Il teologo e il giurista

L'alternativa che abbiamo appena richiamato, tra opzione teologica e opzione giuridica, ci rimanda a piè pari all'interno dell'universo del pensiero schmittiano. L'opera del giurista di Plettenberg, infatti, risulta essere un riferimento obbligato per chiunque voglia addentrarsi all'interno di questo campo. La teoria di Agamben, per esempio, prende le mosse proprio da una rilettura di due opere schmittiane molto importanti, La Dittatura e Teologia Politica, apparse tra il 1921 e il 1922 nella Germania weimariana.11 E' attraverso la coppia dittatura commissaria-dittatura sovrana, e poi, attraverso l'opposizione tra norma e decisione, che si sviluppa il discorso agambeniano sull'eccezione. Secondo gli autori una tale operazione è insufficiente, parziale, e non rende giustizia della sinuosità del pensiero di Schmitt. Negli anni della Repubblica di Weimar la produzione teorica schmittiana viaggia (almeno) su un doppio registro: da un lato quello più eclettico e a tratti mistico, proprio della Teologia, dall'altro quello più "tecnico", rivolto allo studio delle forme costituzionali concrete ed in particolare della WRV. I due registri indubbiamente si intersecano ma è bene tenerli distinti, non sovrapporli o annullare l'uno a favore dell'altro. Questa fase del pensiero schmittiano va dalla Dittatura (che è a sua volta il risultato di una serie di saggi che Schmitt aveva già scritto negli anni precedenti) fino al Custode della Costituzione, scritto nel 1931, e passa per la sua opera più importante e sistematica, la Dottrina della Costituzione.12 Parlare di un doppio registro schmittiano, nella fase weimariana del suo pensiero, non equivale a contrapporre le due linee di ricerca o a rilevarne una contraddizione insanabile, ma semmai a rendere conto della poliedricità del giurista tedesco (è stato pure osservato che il pensiero schmittiano sia pensiero "epocale" e al contempo "contingente", attento alle tendenze di lungo periodo e al dato storico concreto, all'analisi delle forme costituzionali concrete, e forse solo in questa valenza può essere inteso il suo "occasionalismo")13.

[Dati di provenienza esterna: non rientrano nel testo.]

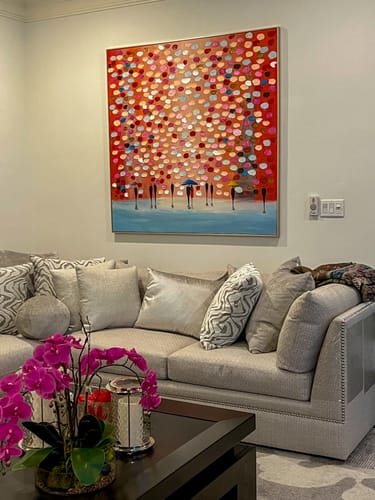 Customer photo review of Colorful Painting #CA028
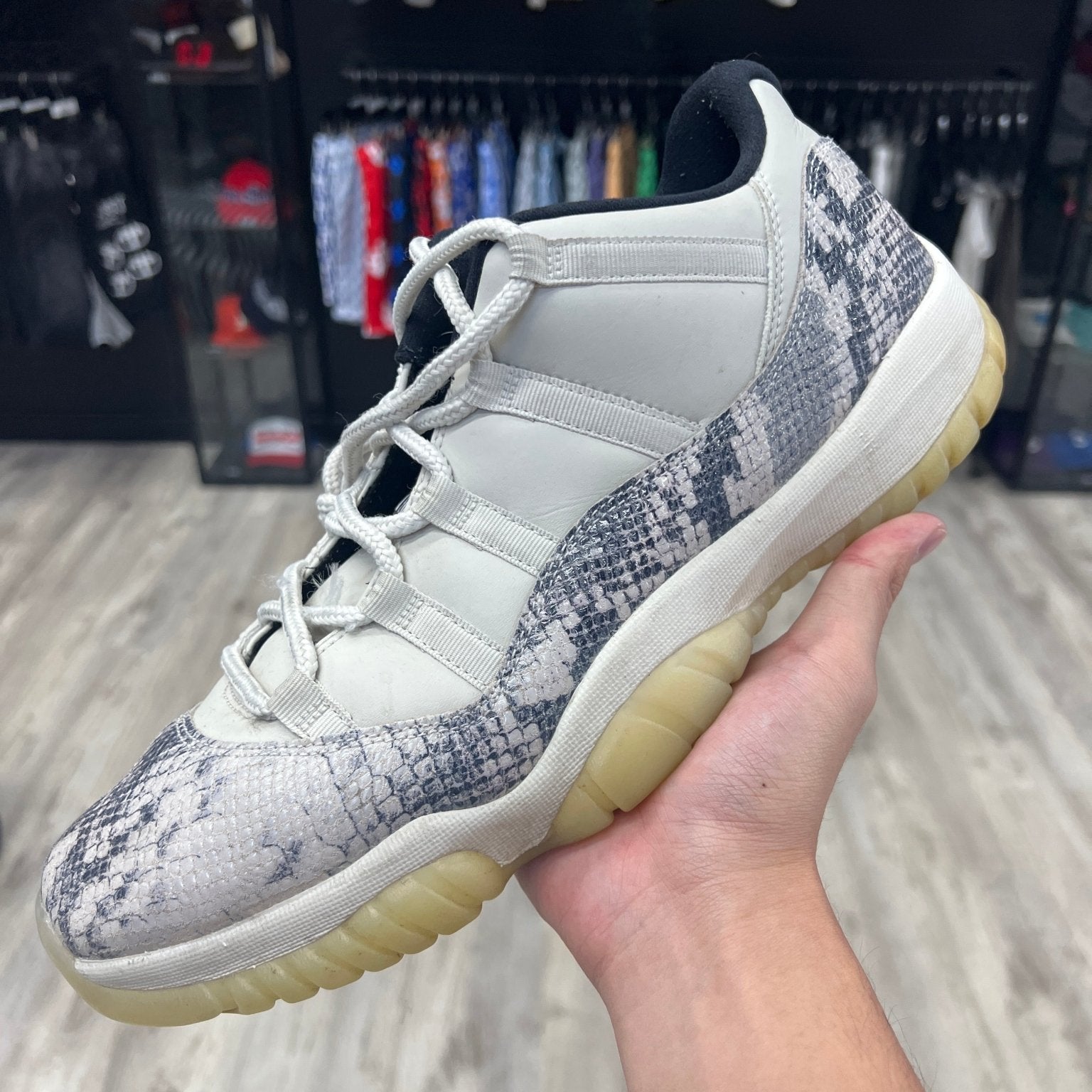 Preowned Air Jordan 11 Low Snakeskin by Preowned - NWAHype 1 for streetwear Preowned in USA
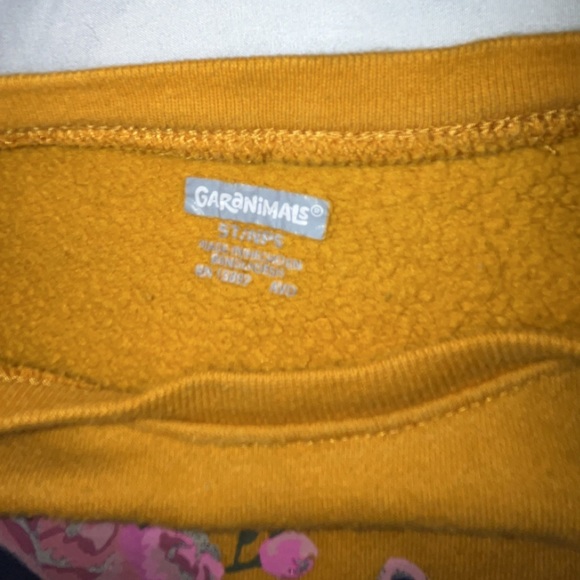 Mustard Yellow Toddler Girl Sweatshirt 5T Geranimals “Daddy’s Girl” Long sleeve - Picture 4 of 4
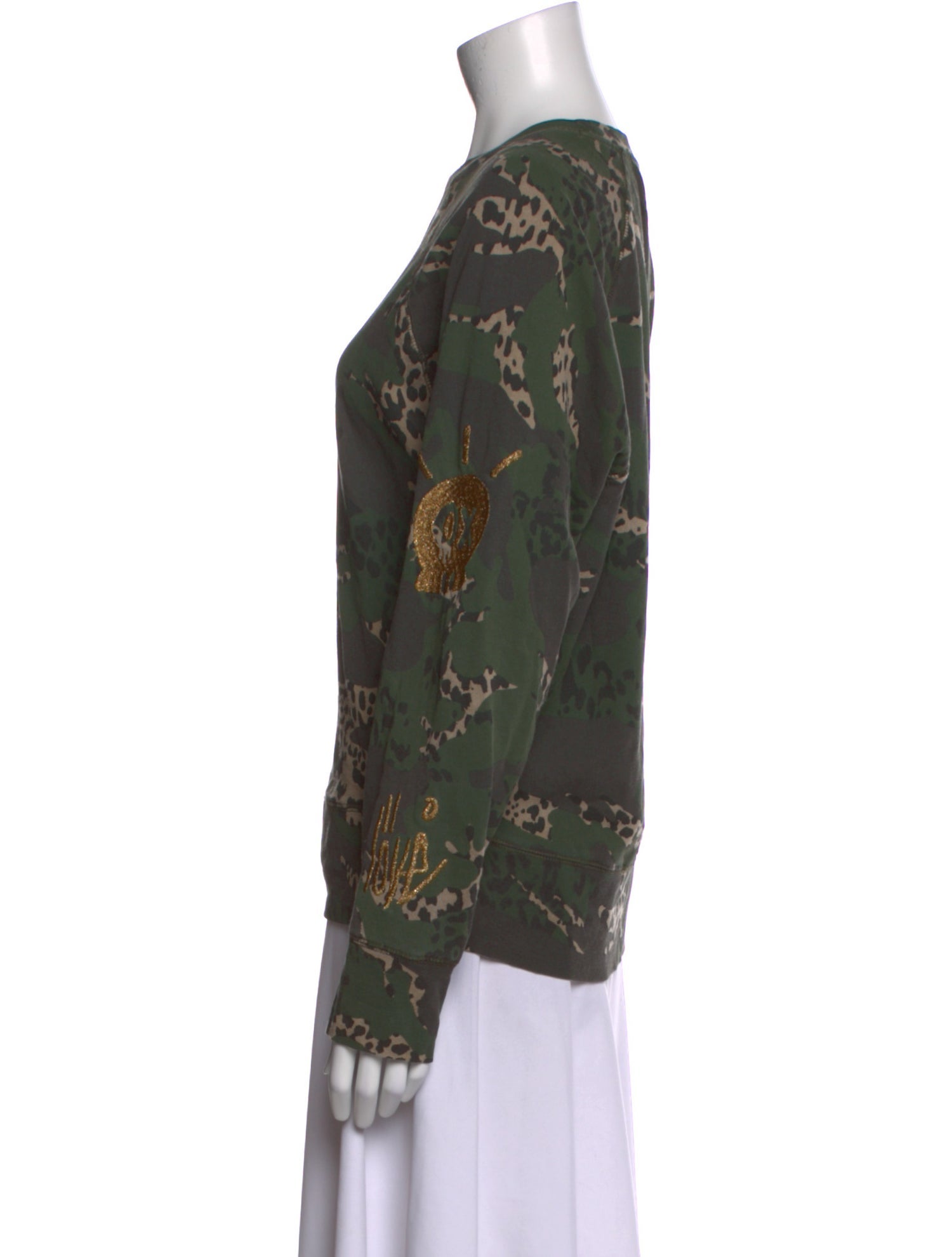 Zadig & Voltaire Floral Print Crew Neck Blouse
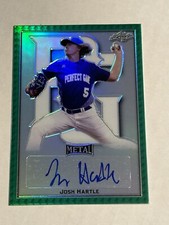 JOSH HARTLE 2020 Leaf Perfect PRISMATIC GREEN AUTO #1/10 GUARDIANS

Non basta dunque attestarsi, come spesso si fa, alla perentorietà di alcune formule schmittiane come quella, notissima, secondo cui "sovrano è colui che decide dello stato d'eccezione" per render conto dell'importanza del pensiero di Schmitt. Il concetto schmittiano di stato d'eccezione va collocato all'interno dello studio sistematico che egli fa della Costituzione weimariana e non può essere ridotto al problema della sospensione totale dell'ordinamento. Da qui l'interesse per l'art.48 della WRV, che diviene per Schmitt nella crisi parlamentaristica di Weimar, di fronte all'incombere delle "maggioranze negative", la via legale, attraverso cui garantire la continuità dell'ordinamento. Il Presidente del Reich, in quanto pouvoir neutre, assumendo le funzioni di dittatore commissario, diviene la figura in grado di porre rimedio ad una situazione di squilibrio tra i poteri costituzionali ed alle spinte centrifughe provenienti dal sistema dei partiti.

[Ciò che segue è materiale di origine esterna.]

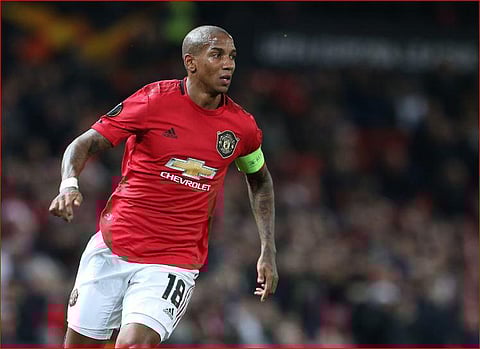 Manchester United defender Ashley Young. (Photo | Twitter @youngy18)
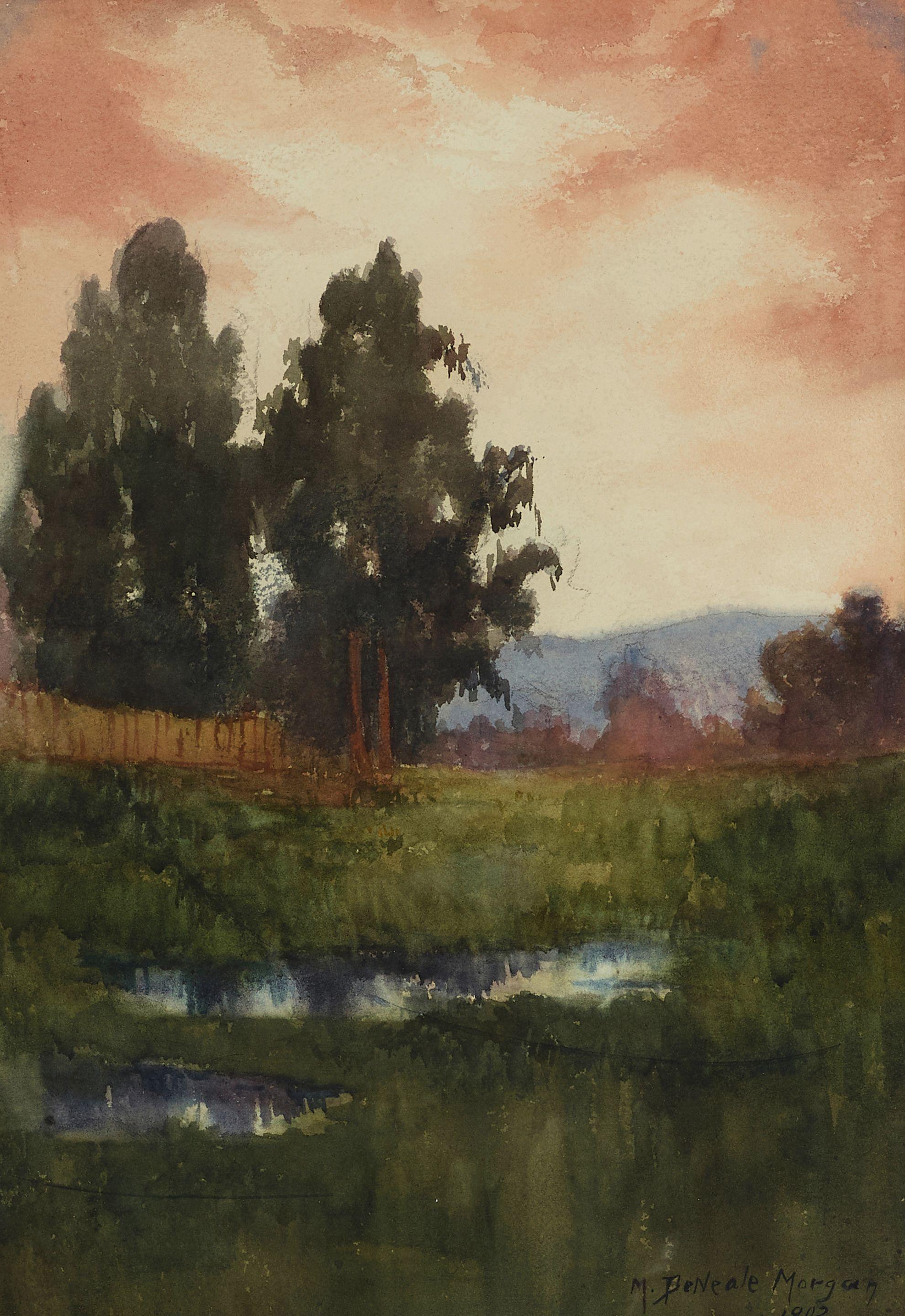 Mary DeNeale Morgan - Landscape - Trees and Stream 19 x 13 1/2 in. framed 34 x 28 in.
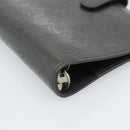LOUIS VUITTON Monogram mat Agenda MM Day Planner Cover Black R20925 Auth BA13618-15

Approfondendo questo discorso si deve anche rilevare che per Schmitt la Costituzione di Weimar era "decisione su un compromesso"14 (tutta la sua Dottrina della Costituzione insiste, infatti, su un doppio registro interno alla stessa WRV, la costituzione dello Stato di diritto e la costituzione sociale), e che la disciplina emergenziale era a suo avviso stata pensata come possibile rimedio alla crisi di questo assetto di tipo compromissorio. Se considerato nel suo complesso il pensiero di Schmitt non può essere ridotto quindi alle lapidarie formule della Teologia, e sul piano strettamente giuridico, la figura dell'eccezione non è riducibile al solo istituto della dittatura sovrana, risultando molto più articolata. Nella Dottrina e nel Custode non si rinviene infatti alcun riferimento ad un'eccezione permanente né tantomeno in queste opere compare mai l'immagine di una sospensione totale del diritto o la possibilità di concepire uno spazio anomico. La funzione di dittatore commissario che Schmitt attribuisce per via costituzionale al Presidente del Reich, attraverso un'interpretazione estensiva dei poteri che l'art.48 gli riservava, è volta dunque al ristabilimento di un equilibrio (concetto a lui caro) rispetto alle spinte centrifughe che caratterizzano la costituzione materiale weimariana.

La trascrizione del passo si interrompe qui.